Do I need licenses or permits to start my business?
Possibly. Almost every business — even home-based businesses — requires some sort of license or permit. There may be federal, state and local licensing and permit requirements you need to comply with to run your business.
Any required licensing or permits will depend on your industry and the location of your business. Here’s a checklist to review when licensing your small business.
How much will it cost to run and form a corporation?

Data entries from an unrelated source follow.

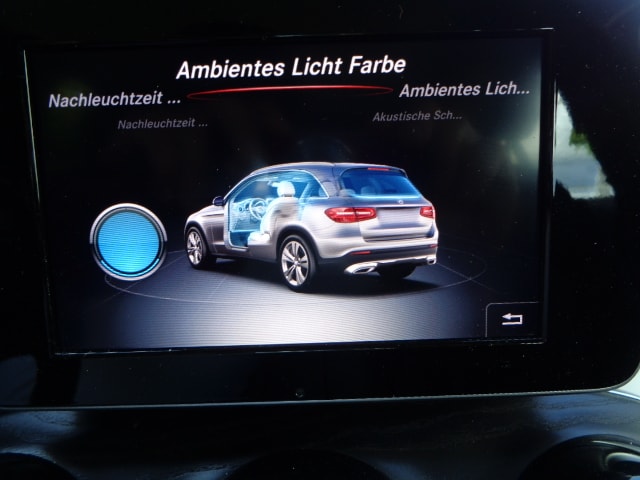 MERCEDES-BENZ GLC 250 d 4Matic 9G-Tronic-image-11
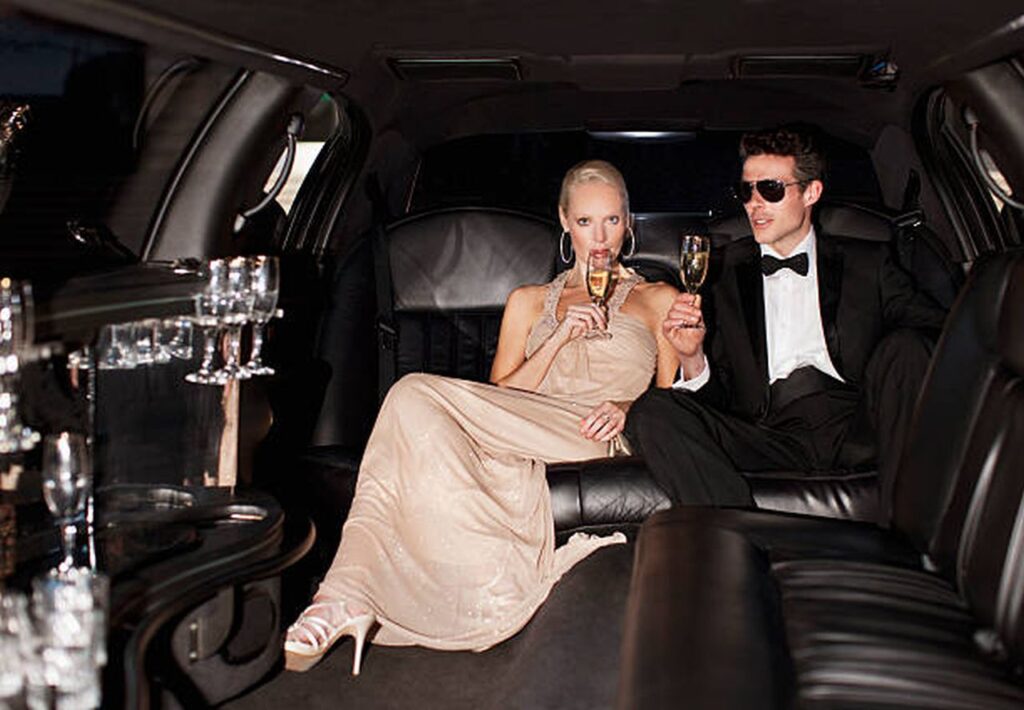 How Should You Choose The Best Luxury Limo Experience?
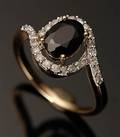 Ring, 9 kt guld, med safir og diamanter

It varies. State filing fees can vary widely. As we saw in our previous example with New York’s $125 filing fee and Nevada’s $35,000 maximum. Pricing will depend on the state in which you choose to incorporate. The corporation will also need to meet certain requirements that are likely to cost some amount; for example, hiring a lawyer to help draft bylaws, or recruiting a staff member to organize and maintain notes for every shareholder meeting. The corporation may need to hire an accountant to help file more complex tax forms, or create and submit its annual reports to the secretary of state, Kiely tells LendingTree. The total cost to create and maintain a corporation will depend on the cost of these elements in addition to any periodic registration, licensing and permit renewals.
Do I need an attorney to form a corporation?
You don’t need to hire an attorney, but it’s a very good idea, as forming a corporation with shareholders can be a complex process. You can complete an articles of incorporation file without the help of a lawyer, but it’s advisable to consult with a corporate attorney to identify and assist you in navigating the tax and legal requirements a corporation must abide by.